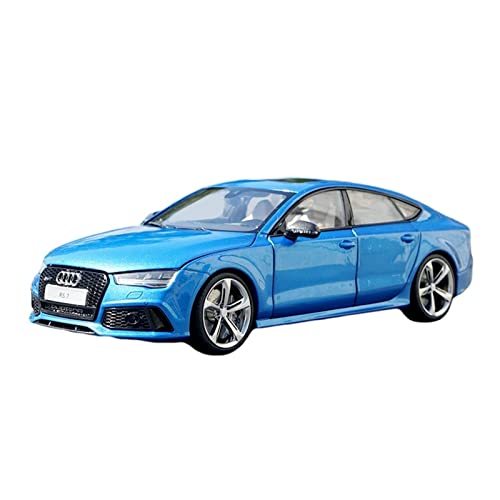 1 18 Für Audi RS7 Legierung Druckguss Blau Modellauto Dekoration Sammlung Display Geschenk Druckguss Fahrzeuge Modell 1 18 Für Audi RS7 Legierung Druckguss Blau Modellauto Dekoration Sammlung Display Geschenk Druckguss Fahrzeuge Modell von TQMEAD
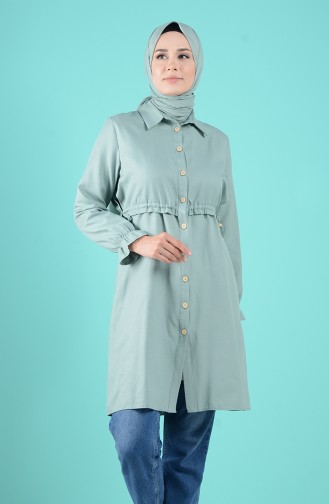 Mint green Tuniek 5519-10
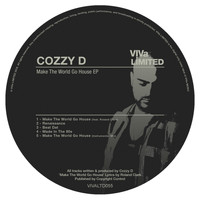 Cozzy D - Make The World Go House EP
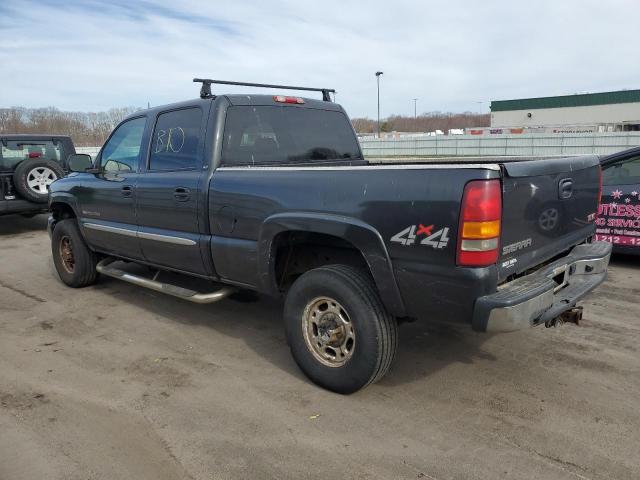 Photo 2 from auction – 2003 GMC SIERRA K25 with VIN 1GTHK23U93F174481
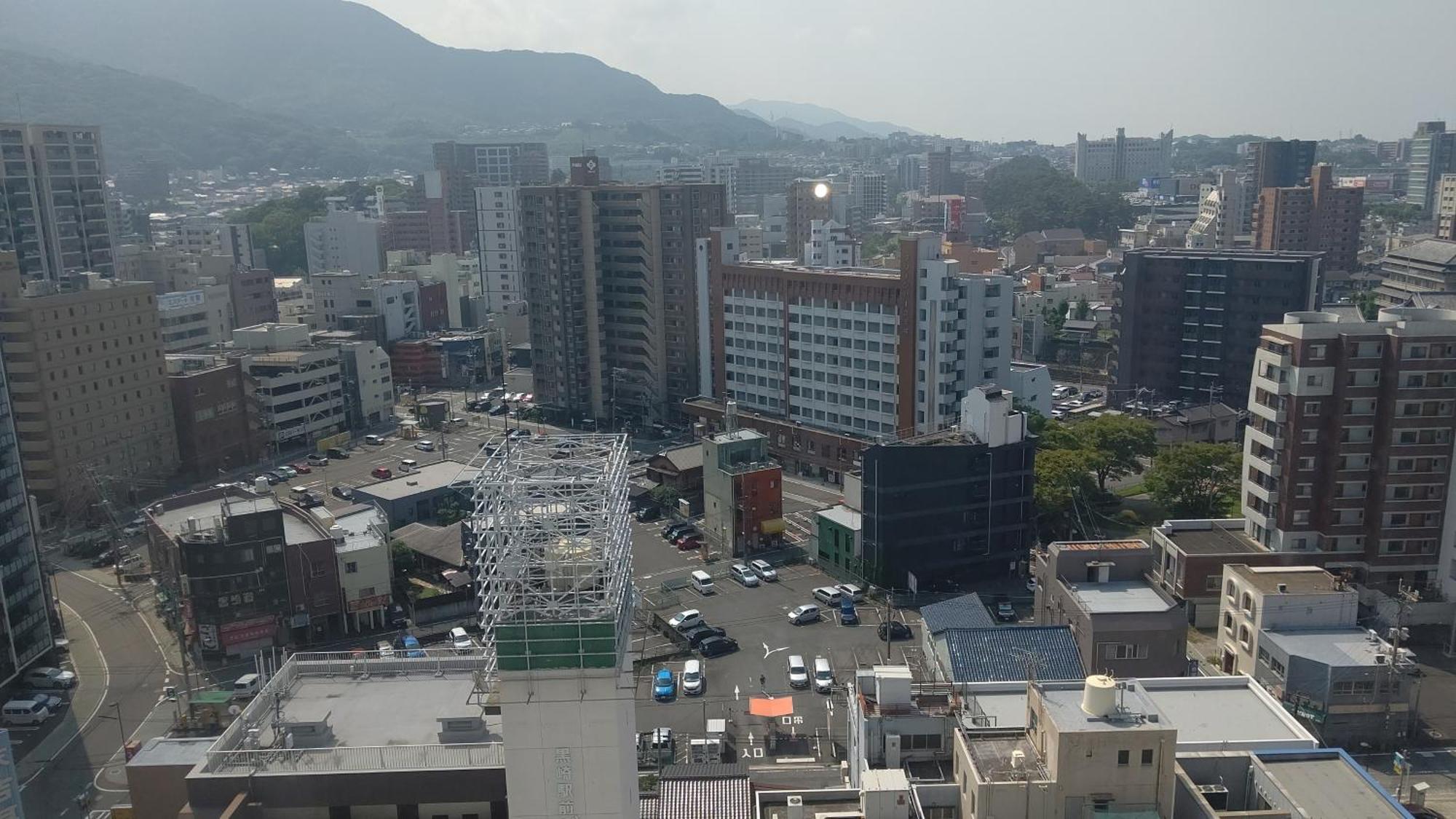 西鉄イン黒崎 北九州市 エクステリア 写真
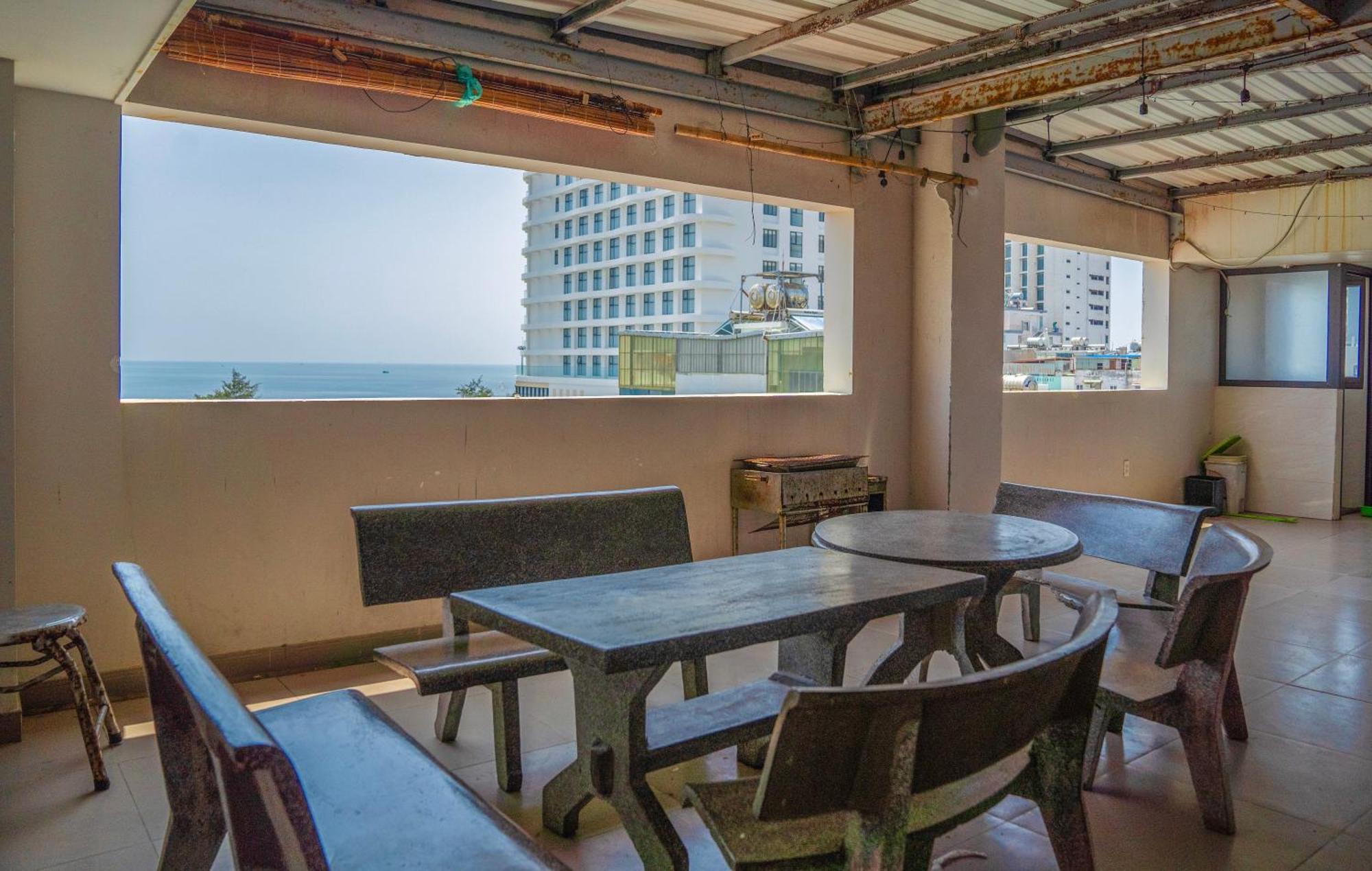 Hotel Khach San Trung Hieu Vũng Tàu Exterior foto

--

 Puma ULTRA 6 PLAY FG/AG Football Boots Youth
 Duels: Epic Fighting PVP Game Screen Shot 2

* * *

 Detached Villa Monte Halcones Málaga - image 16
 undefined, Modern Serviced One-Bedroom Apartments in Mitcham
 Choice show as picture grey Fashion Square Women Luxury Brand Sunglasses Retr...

▶ _Activity_: Retype, in the same exact form, the lines of the material above from the line holding "undefined, Modern Serviced" through the line holding "Choice show as".

▶ _Answer to the problem_:
 undefined, Modern Serviced One-Bedroom Apartments in Mitcham
 Choice show as picture grey Fashion Square Women Luxury Brand Sunglasses Retr...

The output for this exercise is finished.